== Exercise input ==
********

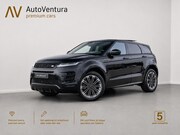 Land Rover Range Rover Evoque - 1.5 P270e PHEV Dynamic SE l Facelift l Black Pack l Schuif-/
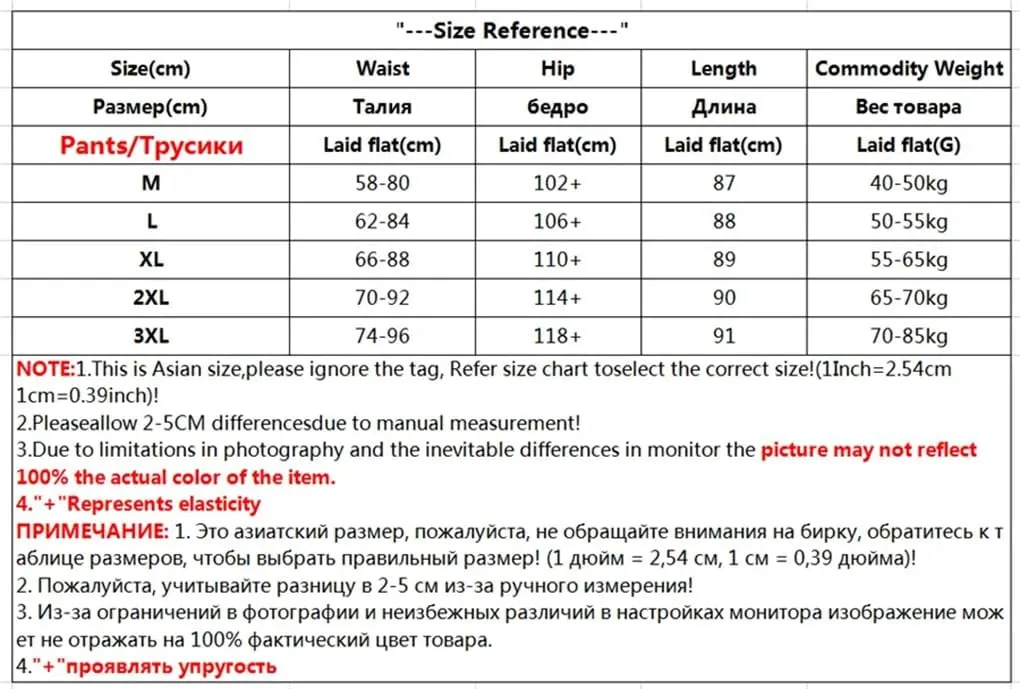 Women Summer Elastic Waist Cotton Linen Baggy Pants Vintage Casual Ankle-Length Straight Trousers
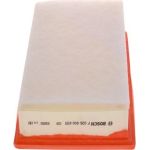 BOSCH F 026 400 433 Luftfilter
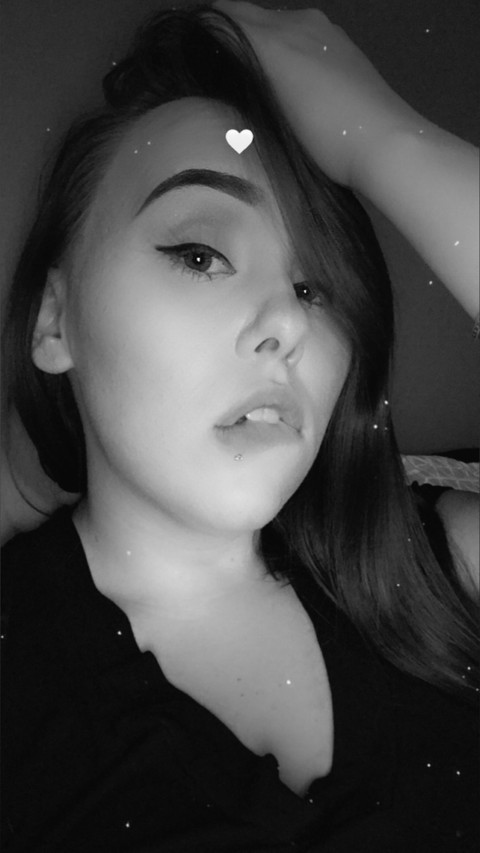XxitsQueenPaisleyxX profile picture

********

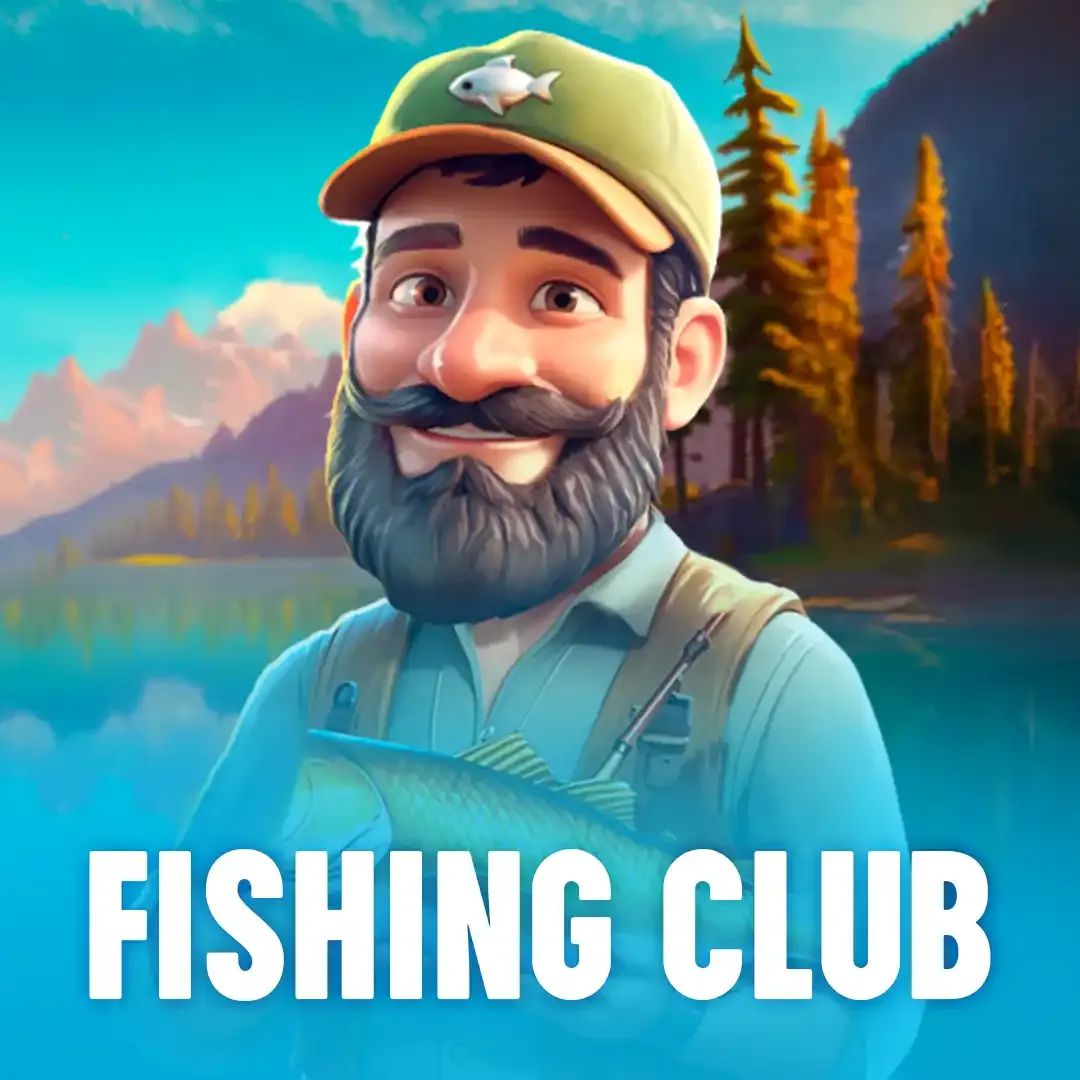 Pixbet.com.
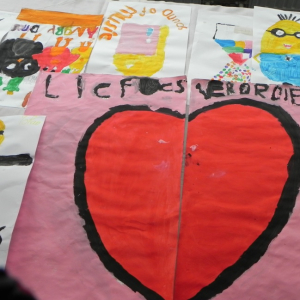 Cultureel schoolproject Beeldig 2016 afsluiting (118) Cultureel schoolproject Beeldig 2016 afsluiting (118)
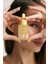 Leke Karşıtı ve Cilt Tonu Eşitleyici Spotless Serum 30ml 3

********

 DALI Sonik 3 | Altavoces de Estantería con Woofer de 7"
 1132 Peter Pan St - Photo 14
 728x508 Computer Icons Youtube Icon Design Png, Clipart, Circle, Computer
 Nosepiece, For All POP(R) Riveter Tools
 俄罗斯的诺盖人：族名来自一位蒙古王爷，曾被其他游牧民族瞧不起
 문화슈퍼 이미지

********

== What is being asked ==
How would the lines above read from the one with "Cultureel schoolproject Beeldig 2016 afsluiting (118) Cultureel" to the one with "Leke Karşıtı ve", inclusive, with no pictures? Write them out exactly.

== Output of the exercise ==
 Cultureel schoolproject Beeldig 2016 afsluiting (118) Cultureel schoolproject Beeldig 2016 afsluiting (118)
 Leke Karşıtı ve Cilt Tonu Eşitleyici Spotless Serum 30ml 3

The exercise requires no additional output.